Virtualization Series 08 — VM Management and Cloud Extensions

The previous sections examined the mechanisms by which a single VM executes: how its CPU, memory, devices, and cross-domain interactions are virtualized. This section looks at the surrounding operational layer — the mechanisms by which VMs are created, configured, suspended, snapshotted, migrated, replicated, and destroyed; and the cloud-scale extensions of those mechanisms (microVMs, fleet orchestration) that have shaped modern virtualization more than any other recent development.

These topics are not purely engineering details. The shape of the management layer drives the shape of the underlying VMM: KVM’s hosted architecture exists in part because reusing the Linux operational stack was easier than building a parallel one; Firecracker’s minimal device set exists because the management requirements of serverless workloads (cold-start latency, density, security) made the cost of legacy device emulation unacceptable. How VMs are managed shapes how VMs are built.

The VM Lifecycle

A VM passes through a sequence of states from creation to destruction. The states are roughly the same across hypervisors; the operations between them are where the design choices live.

   defined ──create──→ stopped ──start──→ running
                          ↑                  │
                          │              suspend
                          │                  ▼
                       resume ←───────── suspended
                          │
                       destroy
                          ▼
                       deleted

Definition and creation

A VM is defined by a configuration: vCPU count, memory size, attached devices, boot disk, network interfaces. Definition is a specification, not yet an instantiation. The configuration may live in a configuration file (libvirt XML, Firecracker JSON), in a database (cloud control plane), or be passed inline at creation (virsh, gcloud).

Creation instantiates the configuration: the VMM allocates the data structures for the VM’s vCPUs and memory regions, opens device backends, loads any required firmware images, and brings the VM to the stopped state — ready to start but not yet executing.

The cost of creation has historically been small relative to other lifecycle costs. The microVM era has changed this: when VMs are created in response to incoming requests (serverless), creation latency directly impacts user-visible request latency, and reducing it from seconds to milliseconds has been a substantial engineering effort.

Boot

Booting transfers control to the guest. Two things happen first: the VMM must place a boot image in the VM’s memory and arrange for the vCPU to start executing it.

The traditional path goes through firmware: the VMM loads a virtual BIOS or UEFI, the firmware initializes the virtual hardware (probing devices, building memory maps), reads a bootloader from disk, the bootloader loads the kernel, and the kernel takes over. This is universal but slow — firmware initialization is a significant fraction of the boot path, and it does work that, in a controlled VMM environment, is not strictly necessary.

The microVM path skips most of this.
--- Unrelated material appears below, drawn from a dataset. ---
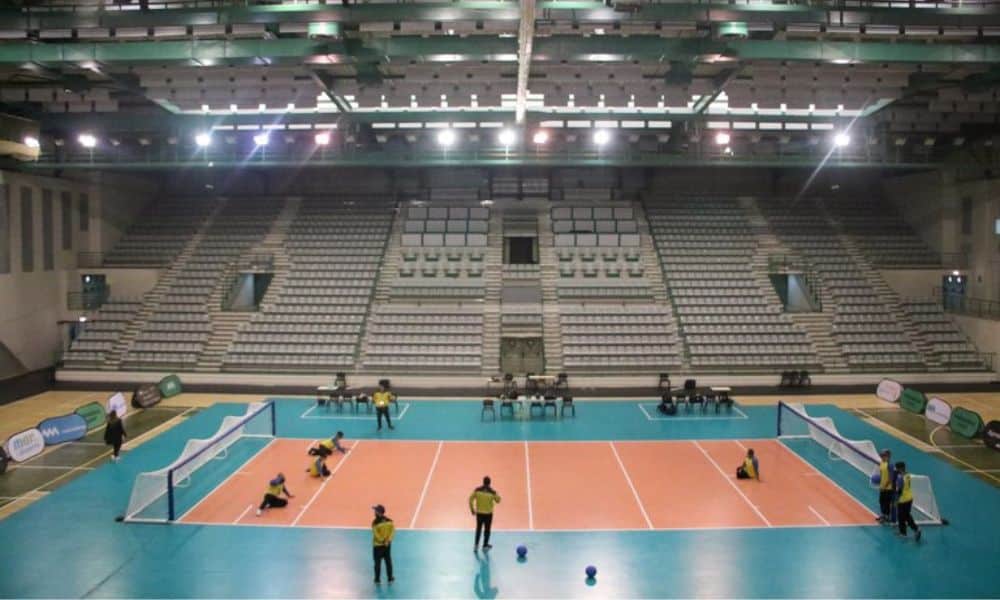 Seleções de goalball na arena do Mundial de 2022 em Portugal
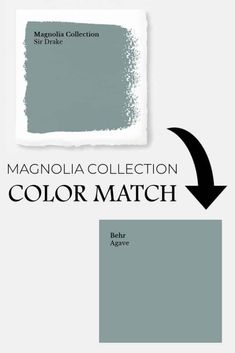 the magnolia collection color match is shown in shades of blue, green and gray with an arrow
Firecracker, for example, has no BIOS and no PCI bus enumeration: the VMM places a Linux kernel image directly into guest memory, configures the vCPU’s initial register state to mimic what a Linux bootloader would set up, and starts the vCPU at the kernel entry point. The boot completes in tens of milliseconds rather than seconds.
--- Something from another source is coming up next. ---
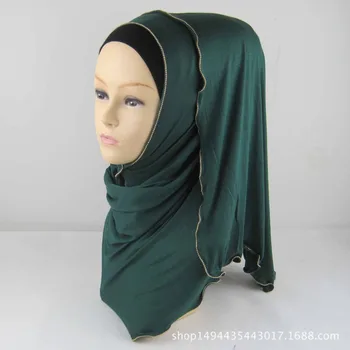 32 culori Musulmane Hijab Eșarfă de Bumbac Moale eșarfă Lungă cu fermoar frontieră văl isamic eșarfă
The trade-off is generality: skipping firmware works only if the guest is willing to be loaded this way. For a single, controlled OS (Linux in serverless), this is fine; for arbitrary guests, the firmware path is unavoidable.

Suspend and resume

A suspended VM has its full state captured in the VMM but is not executing. The suspend operation pauses all vCPUs, captures their architectural state, and (depending on implementation) either keeps the VM’s memory in place or writes it to backing storage. Resume reverses the operation: the memory is brought back, the vCPU state is restored, and execution continues.

Suspend/resume is the simplest of the state-management operations and the foundation for the more complex ones (snapshot, migration). The fast path keeps memory in place; the slow path serializes the entire VM to disk.

Destroy

Destroying a VM deallocates its resources: memory is returned to the host, device backends are closed, the VM’s data structures are removed. In a cloud setting, destruction may also involve releasing storage, unbinding network attachments, and updating the control plane’s accounting.

Snapshotting

A snapshot captures a VM’s complete state at a point in time so it can be inspected, rolled back to, or cloned. Three styles of snapshot appear, distinguished by what they include and when they cost what:

Disk-only snapshot. Captures only the VM’s persistent storage, using copy-on-write at the storage layer (qcow2, ZFS, LVM, btrfs). The VM does not pause; on rollback, only disk state reverts (memory and device state are lost). Cheap and common.
Full-state snapshot. Captures memory and vCPU state in addition to disk. The VM must pause briefly while the memory is captured (typically by COW-marking it and continuing the VM, then writing the COW pages out lazily). Rollback restores a fully resumable VM. More expensive but more complete.
External snapshot. A backup-style snapshot taken without VM cooperation, typically by tracking dirty pages in the second-stage page table and incrementally copying them out. This is the mechanism live migration is built on; in standalone form it produces a portable VM image.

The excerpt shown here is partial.